New Delhi, Feb. 21: The World Health Organisation today urged the Centre to bar tobacco companies from sponsoring events, saying tobacco causes more deaths every year than HIV/AIDS and tuberculosis put together.
The demand followed the findings of a WHO-sponsored study by Ambika Srivastav. The study has concluded that glamorisation of tobacco consumption was encouraging adolescents and youths to take up smoking.
Addressing a press conference here today, Srivastav said: “We are going to ask the censor board to revise its rating guidelines. Any film that portrays excessive smoking should be rated ‘A’ instead of ‘U’.” She said the censor board should also consider issuing certificates to films to state that there have been no payoffs with any tobacco company.
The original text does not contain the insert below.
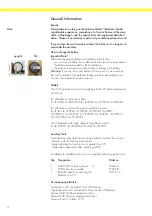 Preview for 4 page of Sartorius Master Pro LA12000P Service Manual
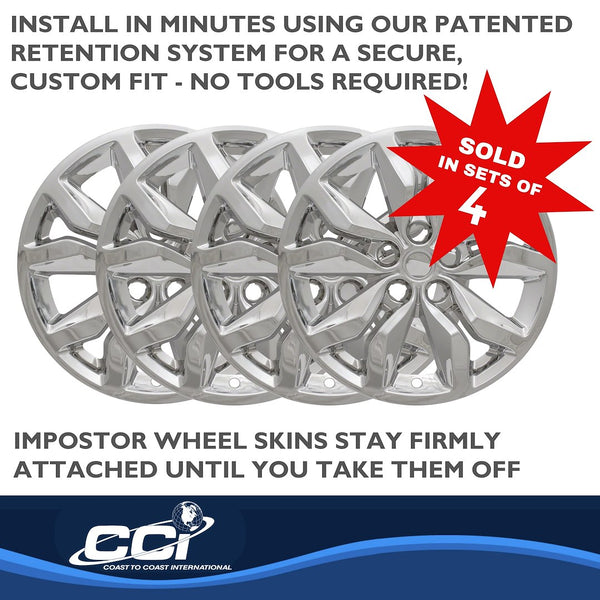 Coast To Coast Impostor Wheel Skin 18 Inch (MPN: IWCIMP407X)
During her research, Srivastav had analysed 440 movies, including Hindi, Telugu and Tamil films, and interacted with eight groups of adolescents and youths in the 16-18 year age group.
“We interacted with a total of 31 Bollywood industry professionals, including Amitabh Bachchan, who said he has not been portrayed smoking in any Hindi film after the 1980s,” she said.
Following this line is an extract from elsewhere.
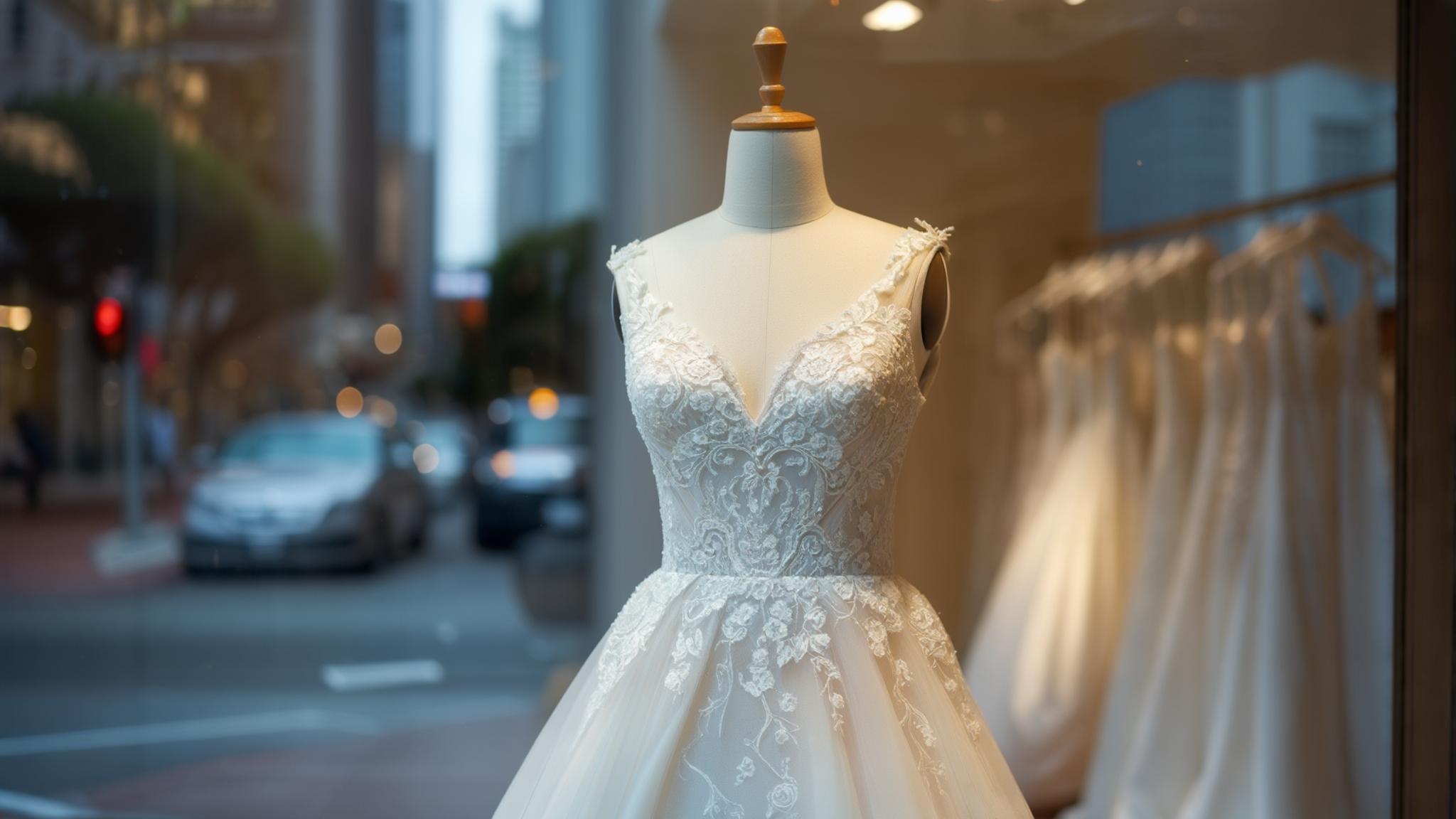 bridal shops san francisco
The health organisation has said it will put pressure on the Centre to pass the pending Bill against tobacco. It has already been introduced in the Lok Sabha and is awaiting passage in the Rajya Sabha. “We hope it will be passed in this session of Parliament,” a representative of the organisation said.
However, functionaries of the Voluntary Health Association of India expressed apprehension that the powerful tobacco lobby will do everything in its power to scuttle the Bill. After being introduced in the Lok Sabha, the Bill was sent back to a parliamentary standing committee, which summoned a cross-section of the people for their views.
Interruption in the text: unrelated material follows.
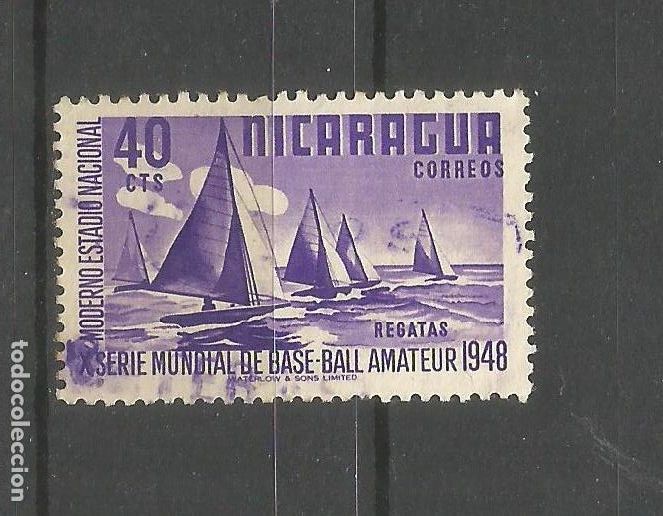 Briefmarken: NICARAGUA YVERT NUM. 744 USADO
Trade unions are also opposed to the Bill on the ground that it will strip crores of tobacco growers of their livelihood.
WHO dismissed on Thursday tobacco industry’s fears that an anti-smoking pact would prompt job losses and said its figures supported the argument for immediate controls, reports Reuters from Geneva.
In a study conducted with the World Bank, the health agency said that even if tobacco use dropped by 1 per cent per capita per year, population and income growth would actually lead to an increase in demand over the next 10-25 years.